ElectricDoodie said:


> Which is why I specifically used the word calorie, and not amount.
> 
> 
> 
> ...


 
Then again, the only reason we know that Pete finished his food is because he said so in a video. The EpicMealTime people might have finished something before.


----------



## cityzach (Jul 22, 2011)

that is just gross.


----------



## ElectricDoodie (Jul 22, 2011)

Innocence said:


> Then again, the only reason we know that Pete finished his food is because he said so in a video. The EpicMealTime people might have finished something before.


 
Are you kidding? He has multiple videos of him winning different competitions. You can literally watch it.


----------



## Stefan (Jul 22, 2011)

Innocence said:


> the only reason we know that Pete finished his food is *because he said so* in a video.


 
Are you, like, blind? And if you couldn't see it for yourself in the uncut videos and if you didn't trust the other people in them, what about his results in official eating competitions?


----------



## Bapao (Jul 22, 2011)

Man, I'm hungry...


----------



## BC1997 (Jul 22, 2011)

Diabetes in a jar.


----------



## qqwref (Jul 22, 2011)

Akuma said:


> Compared to the ammounts of calories EpicMealTime cooks and eats, that guy is pathetic.


Yeah, except that Epic Meal Time doesn't actually eat their stuff. They just video themselves eating a few bites of it for comedic effect. It's much, much more impressive to make a 10 kcal meal and then eat all of it on camera.



Akuma said:


> Eating a whole jar of Nutella requires no effort what so ever.


Is that so? Try to do it yourself.



b4p4076 said:


> I wonder if he pukes everything back out after he's done.
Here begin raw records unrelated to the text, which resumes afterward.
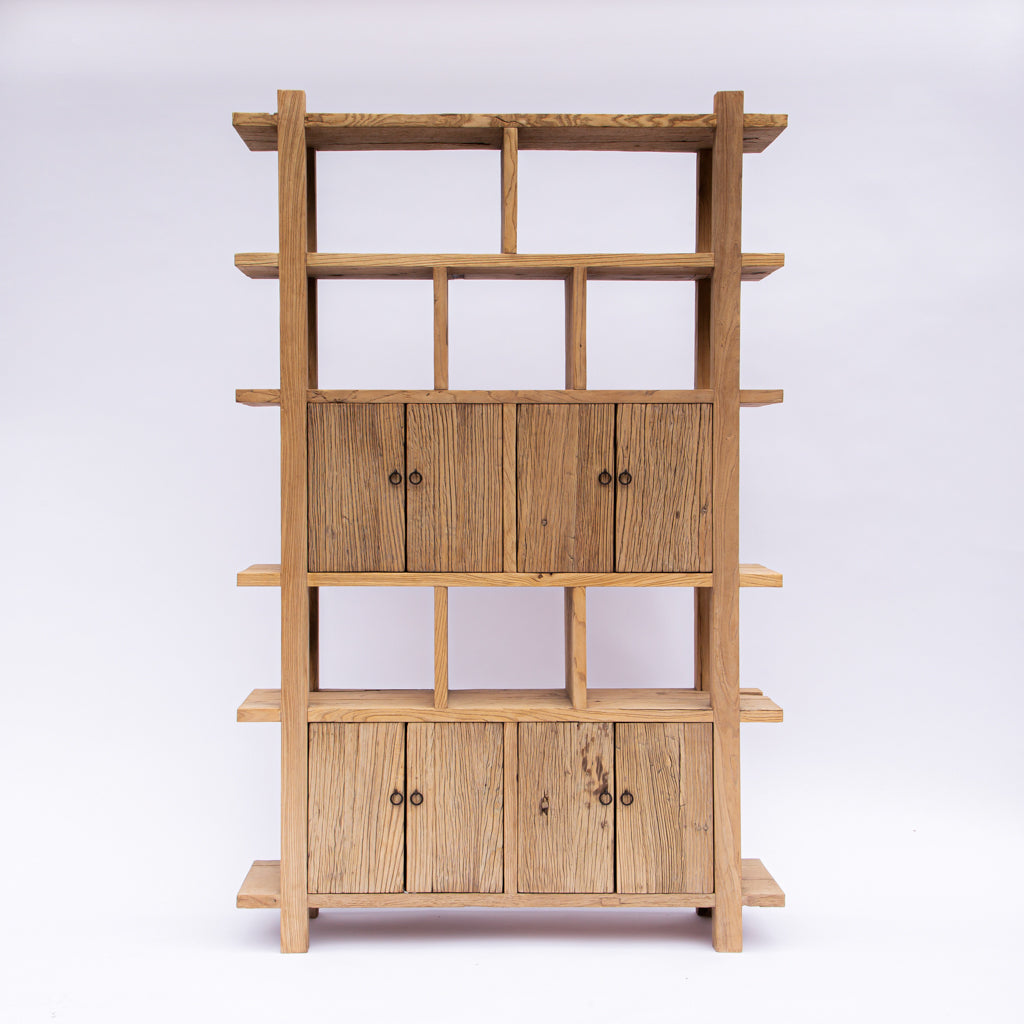 Japanese Reclaimed Elm Wood Bookcase with Doors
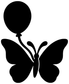 Balloon and butterfly vinyl decal, black balloon with butterfly wing silhouette close-up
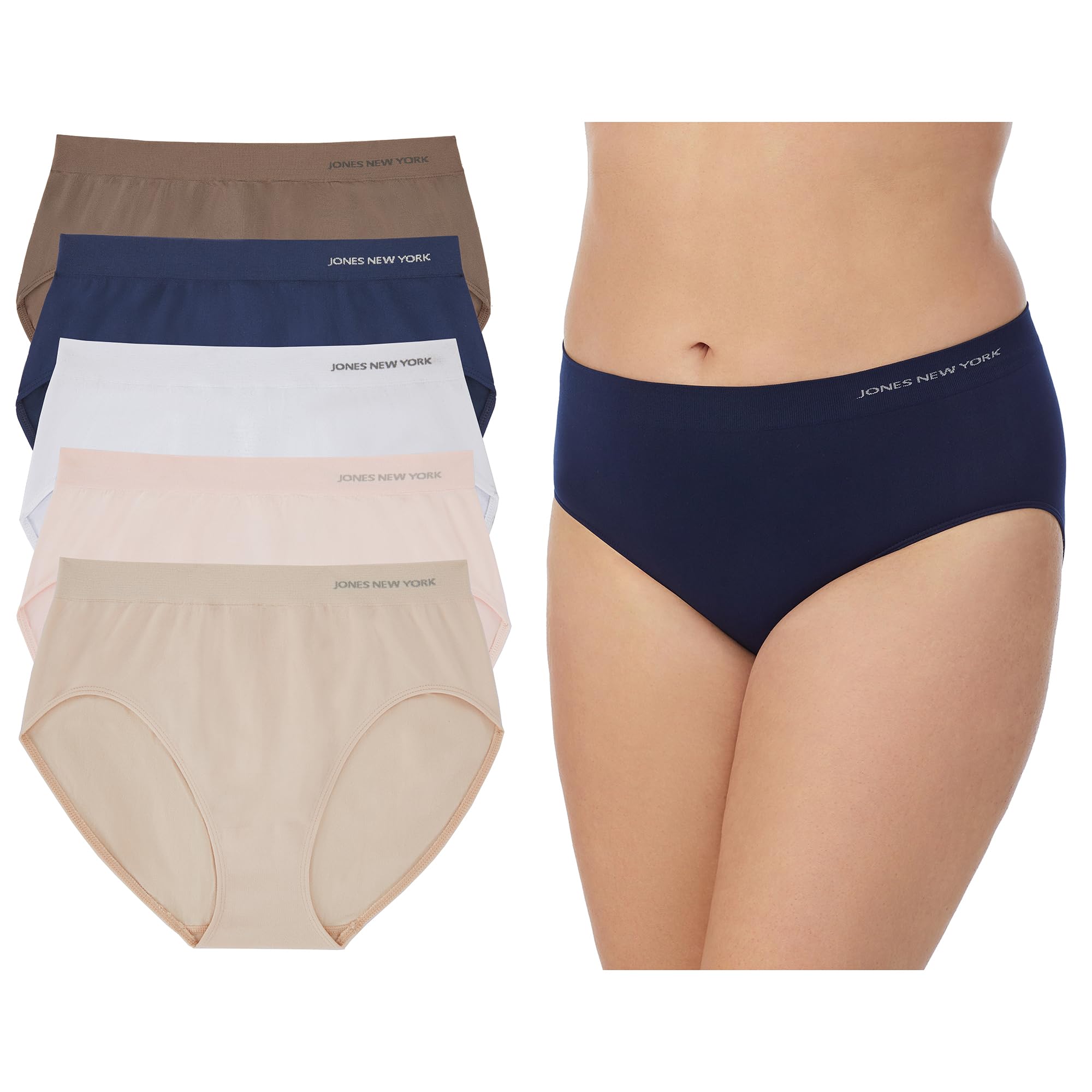 Jones New York Underwear for Women High Cut Brief Full Coverage Seamless Stretch Comfort Panties - 5 Pack Multipack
He says he doesn't, unless he feels really sick after eating something.


----------



## n00bcub3r (Jul 22, 2011)

i feel rly sorry for his dentist lol


----------



## Innocence (Aug 3, 2011)

Stefan said:


> Are you, like, blind? And if you couldn't see it for yourself in the uncut videos and if you didn't trust the other people in them, what about his results in official eating competitions?


 
Sorry I didn't follow this up earlier (well, it's not like I lurk every thread that I make a post in) but that's irrelevant to my point. I'm just saying that it's possible that someone on EpicMealTime may have finished something that they made.


----------



## ElectricDoodie (Aug 3, 2011)

Innocence said:


> I'm just saying that it's possible that someone on EpicMealTime may have finished something that they made.


 No. That's not what you're "just saying." You specifically said that there is no other way to believe FuriousPete, other than his own videos of him saying it. Which you are wrong about, because there is plenty of evidence of it.




Innocence said:


> Then again, the only reason we know that Pete finished his food is because he said so in a video.


----------